Please reproduce the data below exactly, from the first line to the last.

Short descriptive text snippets
* * * * * * * * *

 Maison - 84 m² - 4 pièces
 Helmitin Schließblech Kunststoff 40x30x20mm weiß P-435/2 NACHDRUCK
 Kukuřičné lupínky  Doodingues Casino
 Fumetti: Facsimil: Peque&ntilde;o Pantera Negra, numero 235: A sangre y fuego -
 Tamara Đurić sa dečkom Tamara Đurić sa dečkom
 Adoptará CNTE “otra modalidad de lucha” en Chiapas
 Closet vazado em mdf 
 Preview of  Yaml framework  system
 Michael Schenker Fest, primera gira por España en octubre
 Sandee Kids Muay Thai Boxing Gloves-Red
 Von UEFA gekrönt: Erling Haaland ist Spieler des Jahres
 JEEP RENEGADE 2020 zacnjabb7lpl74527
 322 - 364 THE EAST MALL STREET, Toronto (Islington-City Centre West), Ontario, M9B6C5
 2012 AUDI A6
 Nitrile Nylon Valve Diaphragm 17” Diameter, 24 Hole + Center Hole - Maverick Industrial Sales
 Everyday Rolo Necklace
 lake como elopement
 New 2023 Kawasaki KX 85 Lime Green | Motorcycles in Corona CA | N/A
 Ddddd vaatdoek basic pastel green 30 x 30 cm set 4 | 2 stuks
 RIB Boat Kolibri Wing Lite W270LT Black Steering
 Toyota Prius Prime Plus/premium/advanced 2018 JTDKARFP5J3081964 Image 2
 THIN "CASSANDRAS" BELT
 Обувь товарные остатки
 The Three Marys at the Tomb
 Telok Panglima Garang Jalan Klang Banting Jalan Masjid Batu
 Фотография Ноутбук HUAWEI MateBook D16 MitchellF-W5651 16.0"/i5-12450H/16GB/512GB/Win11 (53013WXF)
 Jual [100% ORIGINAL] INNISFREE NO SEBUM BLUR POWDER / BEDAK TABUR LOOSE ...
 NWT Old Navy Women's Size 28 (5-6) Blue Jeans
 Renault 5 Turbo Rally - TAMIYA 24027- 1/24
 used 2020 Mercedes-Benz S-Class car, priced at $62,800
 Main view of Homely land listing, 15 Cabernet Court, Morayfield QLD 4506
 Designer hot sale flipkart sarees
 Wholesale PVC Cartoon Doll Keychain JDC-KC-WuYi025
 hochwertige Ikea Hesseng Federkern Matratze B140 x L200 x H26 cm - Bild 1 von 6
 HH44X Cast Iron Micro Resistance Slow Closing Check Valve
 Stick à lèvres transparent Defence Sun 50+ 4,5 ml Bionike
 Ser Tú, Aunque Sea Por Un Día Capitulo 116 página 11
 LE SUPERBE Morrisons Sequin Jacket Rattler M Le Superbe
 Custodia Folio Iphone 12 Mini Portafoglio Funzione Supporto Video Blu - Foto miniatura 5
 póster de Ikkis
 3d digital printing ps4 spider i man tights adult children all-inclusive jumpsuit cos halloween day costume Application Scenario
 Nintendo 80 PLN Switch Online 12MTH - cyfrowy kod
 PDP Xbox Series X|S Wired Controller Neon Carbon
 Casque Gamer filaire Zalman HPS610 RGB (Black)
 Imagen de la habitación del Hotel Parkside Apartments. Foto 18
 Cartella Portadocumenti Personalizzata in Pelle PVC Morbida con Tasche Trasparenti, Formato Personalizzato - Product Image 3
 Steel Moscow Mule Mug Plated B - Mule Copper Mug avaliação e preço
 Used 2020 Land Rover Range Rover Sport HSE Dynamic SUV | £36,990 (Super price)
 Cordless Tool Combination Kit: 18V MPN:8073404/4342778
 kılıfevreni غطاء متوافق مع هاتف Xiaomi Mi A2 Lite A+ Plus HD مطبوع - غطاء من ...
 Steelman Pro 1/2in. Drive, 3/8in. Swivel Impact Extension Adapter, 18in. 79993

* * * * * * * * *

§ Answer box:
 Maison - 84 m² - 4 pièces
 Helmitin Schließblech Kunststoff 40x30x20mm weiß P-435/2 NACHDRUCK
 Kukuřičné lupínky  Doodingues Casino
 Fumetti: Facsimil: Peque&ntilde;o Pantera Negra, numero 235: A sangre y fuego -
 Tamara Đurić sa dečkom Tamara Đurić sa dečkom
 Adoptará CNTE “otra modalidad de lucha” en Chiapas
 Closet vazado em mdf 
 Preview of  Yaml framework  system
 Michael Schenker Fest, primera gira por España en octubre
 Sandee Kids Muay Thai Boxing Gloves-Red
 Von UEFA gekrönt: Erling Haaland ist Spieler des Jahres
 JEEP RENEGADE 2020 zacnjabb7lpl74527
 322 - 364 THE EAST MALL STREET, Toronto (Islington-City Centre West), Ontario, M9B6C5
 2012 AUDI A6
 Nitrile Nylon Valve Diaphragm 17” Diameter, 24 Hole + Center Hole - Maverick Industrial Sales
 Everyday Rolo Necklace
 lake como elopement
 New 2023 Kawasaki KX 85 Lime Green | Motorcycles in Corona CA | N/A
 Ddddd vaatdoek basic pastel green 30 x 30 cm set 4 | 2 stuks
 RIB Boat Kolibri Wing Lite W270LT Black Steering
 Toyota Prius Prime Plus/premium/advanced 2018 JTDKARFP5J3081964 Image 2
 THIN "CASSANDRAS" BELT
 Обувь товарные остатки
 The Three Marys at the Tomb
 Telok Panglima Garang Jalan Klang Banting Jalan Masjid Batu
 Фотография Ноутбук HUAWEI MateBook D16 MitchellF-W5651 16.0"/i5-12450H/16GB/512GB/Win11 (53013WXF)
 Jual [100% ORIGINAL] INNISFREE NO SEBUM BLUR POWDER / BEDAK TABUR LOOSE ...
 NWT Old Navy Women's Size 28 (5-6) Blue Jeans
 Renault 5 Turbo Rally - TAMIYA 24027- 1/24
 used 2020 Mercedes-Benz S-Class car, priced at $62,800
 Main view of Homely land listing, 15 Cabernet Court, Morayfield QLD 4506
 Designer hot sale flipkart sarees
 Wholesale PVC Cartoon Doll Keychain JDC-KC-WuYi025
 hochwertige Ikea Hesseng Federkern Matratze B140 x L200 x H26 cm - Bild 1 von 6
 HH44X Cast Iron Micro Resistance Slow Closing Check Valve
 Stick à lèvres transparent Defence Sun 50+ 4,5 ml Bionike
 Ser Tú, Aunque Sea Por Un Día Capitulo 116 página 11
 LE SUPERBE Morrisons Sequin Jacket Rattler M Le Superbe
 Custodia Folio Iphone 12 Mini Portafoglio Funzione Supporto Video Blu - Foto miniatura 5
 póster de Ikkis
 3d digital printing ps4 spider i man tights adult children all-inclusive jumpsuit cos halloween day costume Application Scenario
 Nintendo 80 PLN Switch Online 12MTH - cyfrowy kod
 PDP Xbox Series X|S Wired Controller Neon Carbon
 Casque Gamer filaire Zalman HPS610 RGB (Black)
 Imagen de la habitación del Hotel Parkside Apartments. Foto 18
 Cartella Portadocumenti Personalizzata in Pelle PVC Morbida con Tasche Trasparenti, Formato Personalizzato - Product Image 3
 Steel Moscow Mule Mug Plated B - Mule Copper Mug avaliação e preço
 Used 2020 Land Rover Range Rover Sport HSE Dynamic SUV | £36,990 (Super price)
 Cordless Tool Combination Kit: 18V MPN:8073404/4342778
 kılıfevreni غطاء متوافق مع هاتف Xiaomi Mi A2 Lite A+ Plus HD مطبوع - غطاء من ...
 Steelman Pro 1/2in. Drive, 3/8in. Swivel Impact Extension Adapter, 18in. 79993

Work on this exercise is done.